I also note the article in about its 4th revision attributed the transcription (correctly in my opinion) to Segovia before a later anonymous change. RichardJ Christie 13:55, 17 July 2007 (UTC)[reply]

This is what guitarist Stanley Yates says about the matter as part of a detailed and carefully researched preface to his own transcription:
"Several items of the Albéniz's piano repertory were arranged for guitar during the composer's lifetime. The first guitarist to do so was probably Francisco Tárrega (1852-1909), a fellow Catalan and an almost exact contemporary of Albéniz. Tárrega's most illustrious student Miguel Llobet also made guitar arrangements of Albéniz's piano music, apparently with the blessing of the composer, since Llobet performed Albéniz's Granada in a concert arranged by Albéniz himself in Barcelona in 1906. However, the first successful guitar arrangement of the preludio Leyenda no doubt belongs to Andrés Segovia, though he wasn't the first guitarist to perform or arrange the piece. That distinction should probably go to the very prolific arranger Severino García Fortea. In his autobiography of the years 1893-1920, Segovia mentions that he was 'transcribing Leyenda by Albéniz, which hereto had been played from the transcription made by that hack[!], Don Severino Garcia.' Although I have not been able to determine when Segovia first began to include the piece in his recital programs, we do know that he programmed the piece for a recital in Graz, Austria in October, 1924. Although the program is lost, it is quite possible that Segovia also programmed the piece for his milestone debut in Paris, earlier that year. Segovia did not record his arrangement until much later, in 1953 (it appears on An Andres Segovia Recital on the Brunswick label, AXTL 1005), and he did not publish it until three years after that, in1956 (with Ricordi American in Buenos Aires). From this point on, a steady stream of guitar arrangements of Leyenda began to appear on the market, the majority tacitly taking Segovia's edition as their primary source."
In other words, although Tárrega was probably the first to make transcriptions of some of Albéniz's piano pieces, the first to make a transcription of this piece, Leyenda, was probably García Fortea. Fortea's transcription was very different from Segovia's, and Segovia's is the one everyone knows, and the one on which the vast majority of subsequent transcriptions are based. TheScotch (talk) 10:14, 2 June 2012 (UTC)[reply]

Trivia

[edit]

I added that the fiddle group "Barrage" does a version of this on the violin? http://www.youtube.com/watch?v=xx3hJFXWNCg ^theres a link to it. —Preceding unsigned comment added by 68.60.178.54 (talk) 19:37, 1 October 2007 (UTC)[reply]

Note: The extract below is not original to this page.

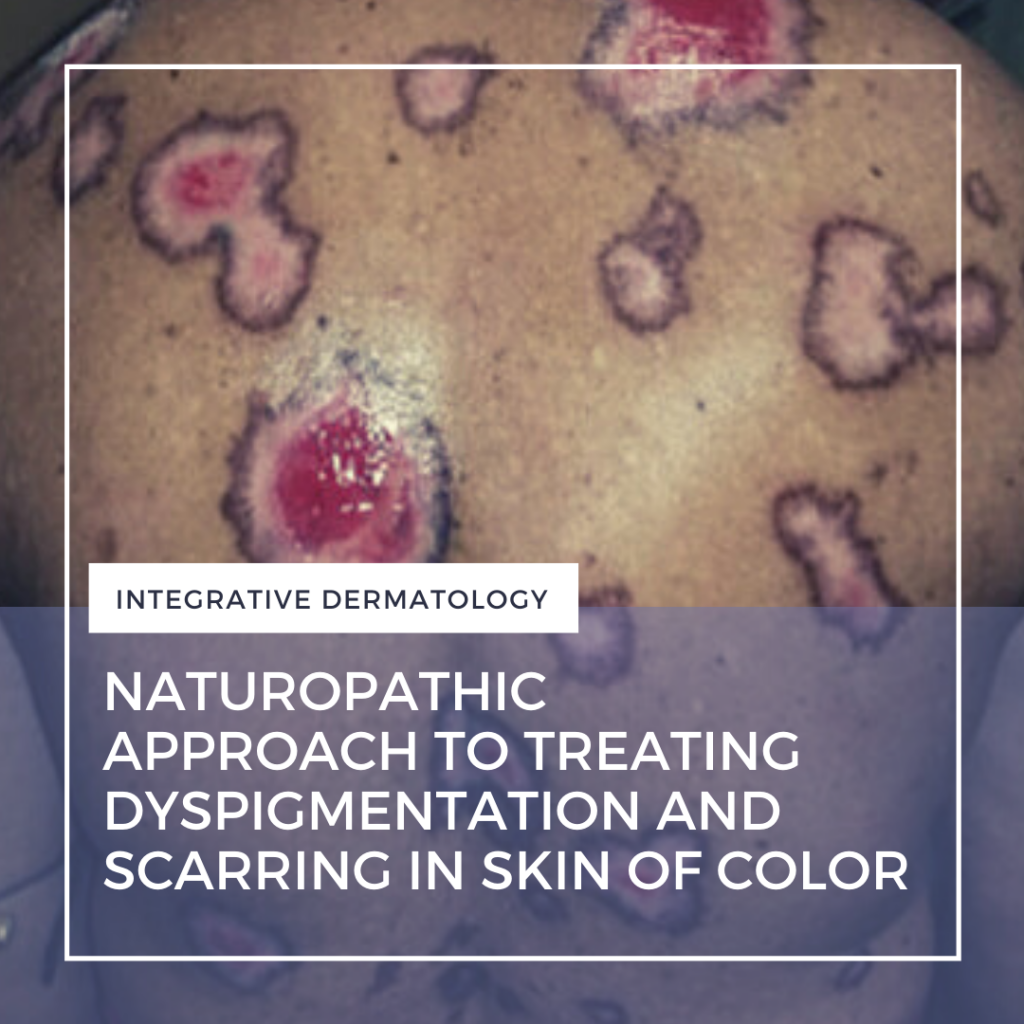 Naturopathic Approach To Treating Dyspigmentation And Scarring In Skin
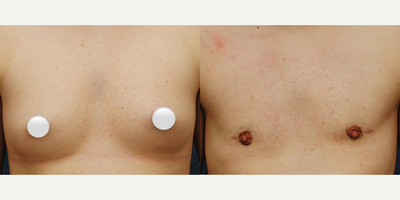 18-24 year old transgender woman treated with Masculinizing Top Surgery - Our 21 year old FTM patient at 6 months post Keyhole Top Surgery.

The "Usage" section of the article is trivia and should be removed. TheScotch (talk) 10:28, 2 June 2012 (UTC)[reply]

Title

[edit]

A Leyenda is also a Spanish Literary genre. It's translated as a "Legend". —Preceding unsigned comment added by 137.99.95.246 (talk) 13:38, 5 December 2008 (UTC)[reply]

Grammar

[edit]

How many clauses in this article lack subjects and verbs?